# Downside to the industry



## ruinexplorer (Mar 25, 2015)

Just read this article about the stress to those working in Australia. I expect to look and see if there are studies done in the U.S. http://www.tonedeaf.com.au/437209/heres-probably-dont-want-work-australian-music-industry.htm


----------



## MNicolai (Mar 25, 2015)

Quite the juxtaposition to WSJ's "Roadies the Unlikely Survivors of the Music Business" headline last week.


----------



## Footer (Mar 25, 2015)

To be fair... and I'm going to get flack for this... most Australian techs I have ran into are really high strung. Like, really high strung. More then the Italians even.


----------



## robartsd (Mar 26, 2015)

Footer said:


> I'm going to get flack for this...I have ran into


At least you qualified your statement.


----------



## ruinexplorer (Mar 27, 2015)

MNicolai said:


> Quite the juxtaposition to WSJ's "Roadies the Unlikely Survivors of the Music Business" headline last week.



True, but I think the two articles were highlighting opposite sides of the business.


----------



## de27192 (Apr 3, 2015)

Footer said:


> To be fair... and I'm going to get flack for this... most Australian techs I have ran into are really high strung. Like, really high strung. More then the Italians even.

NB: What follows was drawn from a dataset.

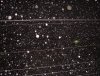 DSC05304.jpg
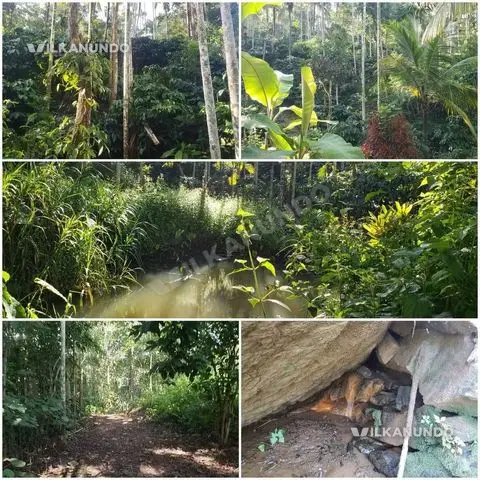 വയനാട്, പൂതാടി പഞ്ചായത്ത് ഇരുളം ഭാഗത്ത് 2 ഏക്കർ കാപ്പി തോട്ടം വില്പനയ്ക്ക്,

Contrary to flack, I couldn't agree more.

I have worked with Australians so highly strung if you hit them it would play a note.


----------



## techieman33 (Apr 3, 2015)

I've only ever worked with one group of them and they were all really cool and laid back the entire time.


----------



## Pie4Weebl (Apr 5, 2015)

It is worth noting that the Australian study includes performers as well.


----------